The question that will be burning deep in your soul will be full of tension. Do you take that next step, or do you retreat into the shadows while pushing your representative out into the light? Your representative is your public relations persona. It’s like that Facebook image of yourself that you push into the public space assured that people would enjoy that person more than the real you.

Everyone has a carefully crafted, self-edited version of themselves that represents them in public. The more humble, transparent, honest, and obedient ones understand this concept. They live in a world of appropriateness and discretion, but never eager to be deceptive and scripted. Though they will always live with a few fig leaves for modesty’s sake, they spurn deception and manipulation.
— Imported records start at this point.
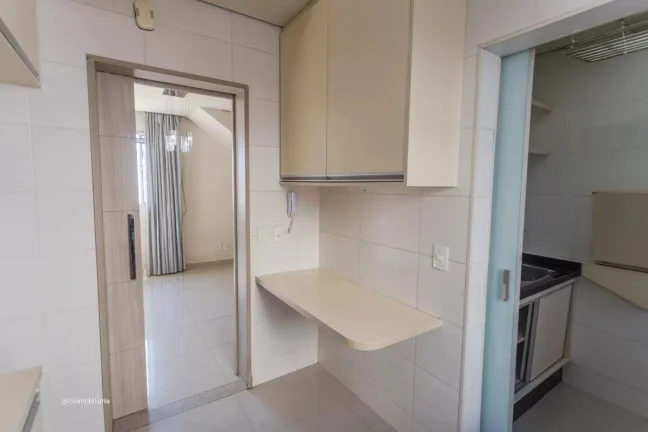 Imagem Apartamento amplo e bem distribuído, localizado no bairro Ana Lúcia, ideal para quem busca confort...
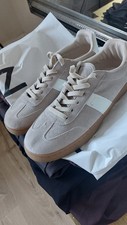 Claudia Ghizzani Size 5  Cream New Trainers Ladies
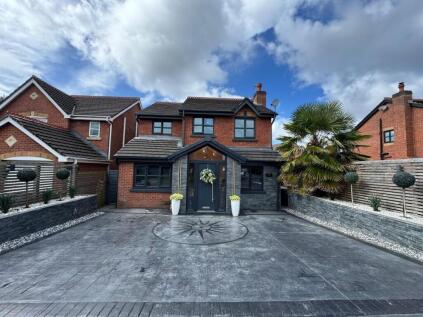 Hutchinson Way, Radcliffe, Manchester, M26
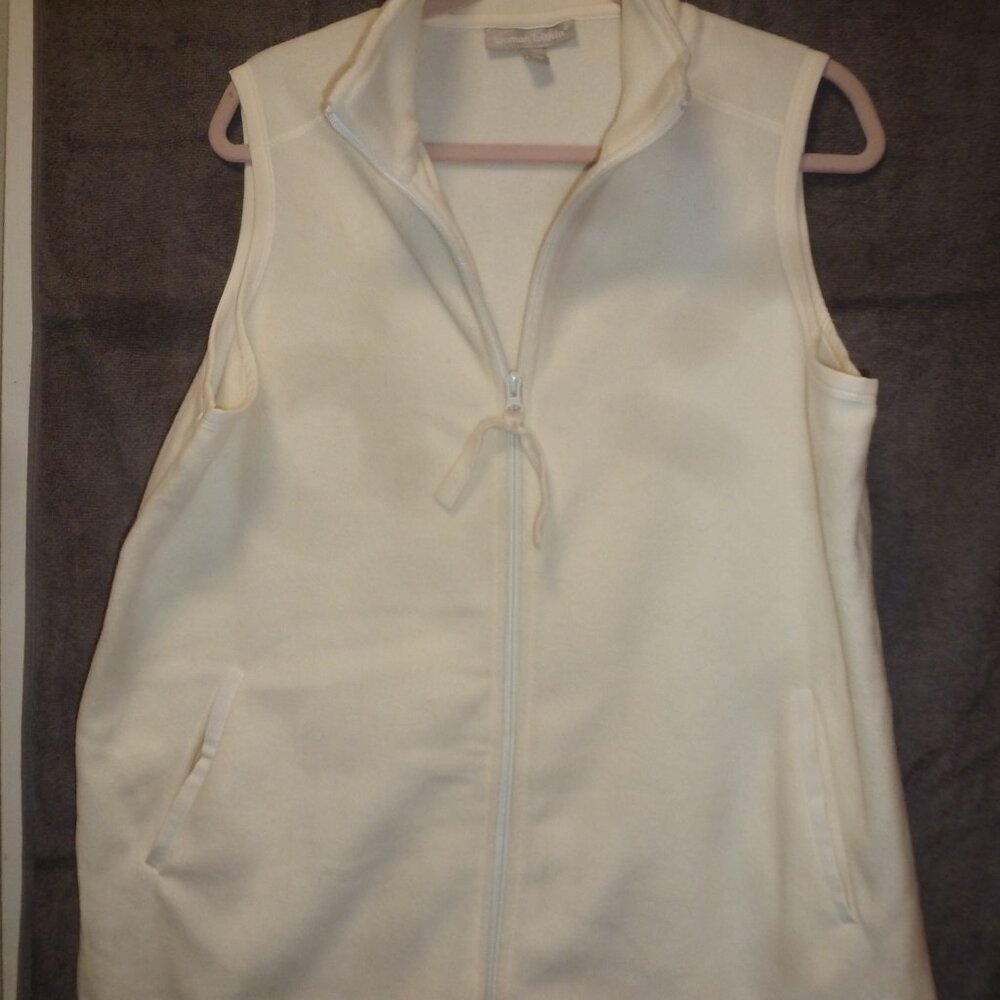 Woman Within Vest Women's Size 14-16 M  Fleece Full Zip w/ Pockets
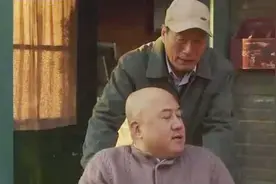 张某看望残疾老人，老人儿子竟然装作瘸子坐轮椅，老人想说却不能视频封面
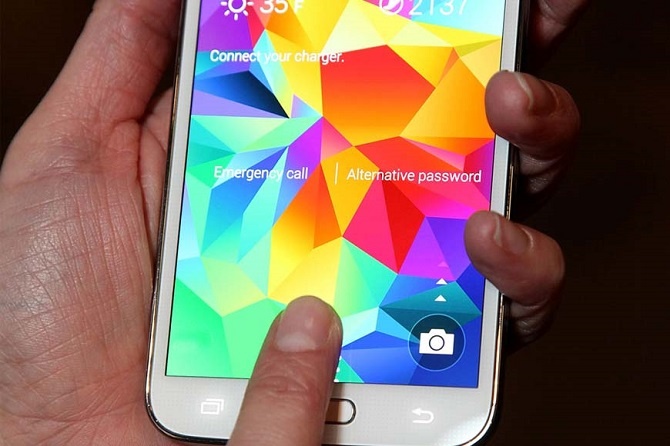 Galaxy S5 dinh loi bao mat, giup hacker sao chep van tay hinh anh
It’s this other crowd that I am appealing to at this moment. These folks are well-beyond discretion, self-control, and modesty. They are overtly managing their two worlds of darkness and light, and they are doing this in the shadows. They are not interested in being humble, open, honest, and transparent.

What will you do?

Call to Action

  1. When you look at your life, what bad habits do you see?
  2. Are you afraid to acknowledge them? If you are, what does your fear reveal about you? What does it tell about your practical understanding of the gospel?
  3. If you are afraid to admit wrong, why are you that way? Did an authoritarian dad rear you? Were you part of a strict religious culture that punished you for wrong rather than helping you redemptively?
  4. When you think about how you are, especially if you fear to be honest, do you see yourself as a victim? What happened to you is real, and there is no way to make what they did right. But the question you must wrestle with today is whether what happened will define you or the gospel. What will it be?